Après la condamnation à perpétuité d'Yvan Colonna

manifcolonna2.jpg

15 000 Corses dans la rue

Pour les nationalistes, il y a désormais " une affaire Colonna". Ils n'espéraient rien des débats judiciaires. Aussi, loin de les surprendre, le verdict de la cour d'assises conforte leur conviction : pour eux, Yvan Colonna est victime d'une " vengeance ordonnée au nom de la raison d'Etat".  

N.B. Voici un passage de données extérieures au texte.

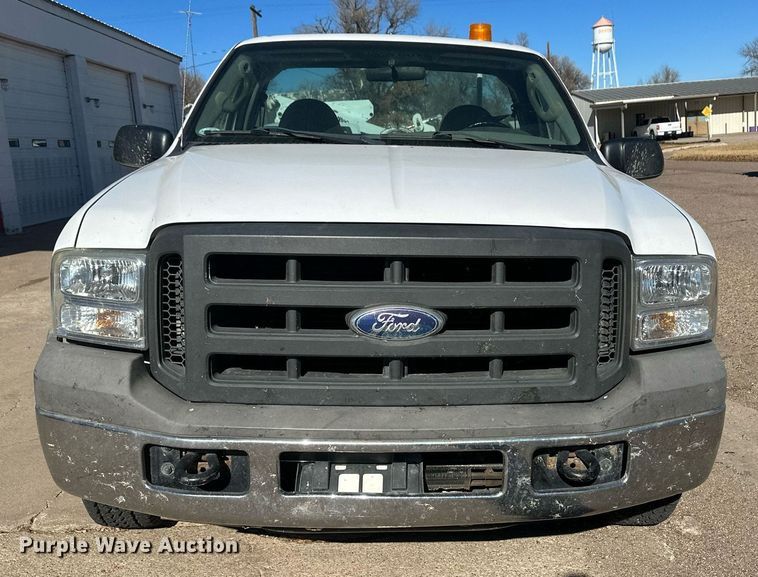 image for item IU9187 2005 Ford F250 Super Duty  utility bed pickup truck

Le berger de Cargèse devient une sorte de martyr de la cause, un héros de la lutte, le symbole d'une justice aux ordres qui condamne un " innocent" pour laver l'affront fait à la République. La manifestation prévue samedi 28 mars à Ajaccio devait constituer la première étape d'une campagne qui s'annonce longue

Depuis qu'Yvan Colonna et ses avocats ont quitté la salle d'audience le 11 mars, des rassemblements ont eu lieu à Ajaccio, Bastia, Corte ou Porto-Vecchio. A chaque fois, plusieurs centaines de personnes se sont réunies pour fustiger " la violation des droits de la défense et une atteinte aux principes de l'impartialité".S'ils ont déserté le prétoire, les avocats d'Yvan Colonna, aux premiers rangs desquels l'ancien bâtonnier d'Ajaccio Me Antoine Sollacaro et l'un des leaders autonomistes, le Bastiais Me Gilles Simeoni, n'ont pas rechigné à plaider "la déloyauté des juges". Une manière de préparer ce qui va suivre : les organisations nationalistes vont essayer de faire d'Yvan Colonna la figure emblématique de leur combat. Des tee-shirts à son effigie, "Gloire à toi Yvan", sont déjà en vente.

 

RELATIVE DISCRÉTION

 

Mais au-delà de cette unanimité de façade, la défense d'Yvan Colonna ne tardera pas à faire l'objet d'une vive rivalité entre les divers courants nationalistes, indépendantistes d'un côté, autonomistes de l'autre. Les seconds, dont la soeur d'Yvan Colonna, Christine, est l'une des élus à l'Assemblée territoriale, sont des adversaires déclarés de la violence et partisans du dialogue. Ils sont à l'origine du comité de soutien et des initiatives organisées dans la période récente. Leur ambition est d'élargir aux autres forces politiques de l'île, de gauche mais aussi de droite, la solidarité en faveur d'Yvan Colonna. Le prix à payer pour que cette stratégie réussisse, c'est que la contestation tienne à distance les plus radicaux soucieux d'en découdre avec les forces de l'ordre et les clandestins qui ne manqueront pas de ressortir les cagoules dans les nuits à venir.

Les indépendantistes ne partagent pas cette démarche. Ils continuent d'apporter leur soutien aux"soldats" éparpillés dans les différents FLNC, devenus au fil des ans des groupes livrés à eux mêmes sans réelle structure. Solidaires d'Yvan Colonna, ils s'en sont tenus pour l'heure, à une relative discrétion, se contentant de participer aux initiatives prises par le comité de soutien. Ils devraient maintenant intensifier leur action et faire de la libération d'Yvan Colonna un de leurs objectifs. En perte de vitesse électorale, les forces regroupées au sein de Corsica Libera parient sur un retour à une confrontation directe avec " l'Etat colonial". Partisans d'opérations spectaculaires - à l'instar de l'occupation de la maison de Christian Clavier à Porto-Vecchio fin août 2008 -, ils ne désespèrent pas de récupérer le terrain perdu sur les autonomistes lors du scrutin régional de 2010, le plus important pour la mouvance nationaliste.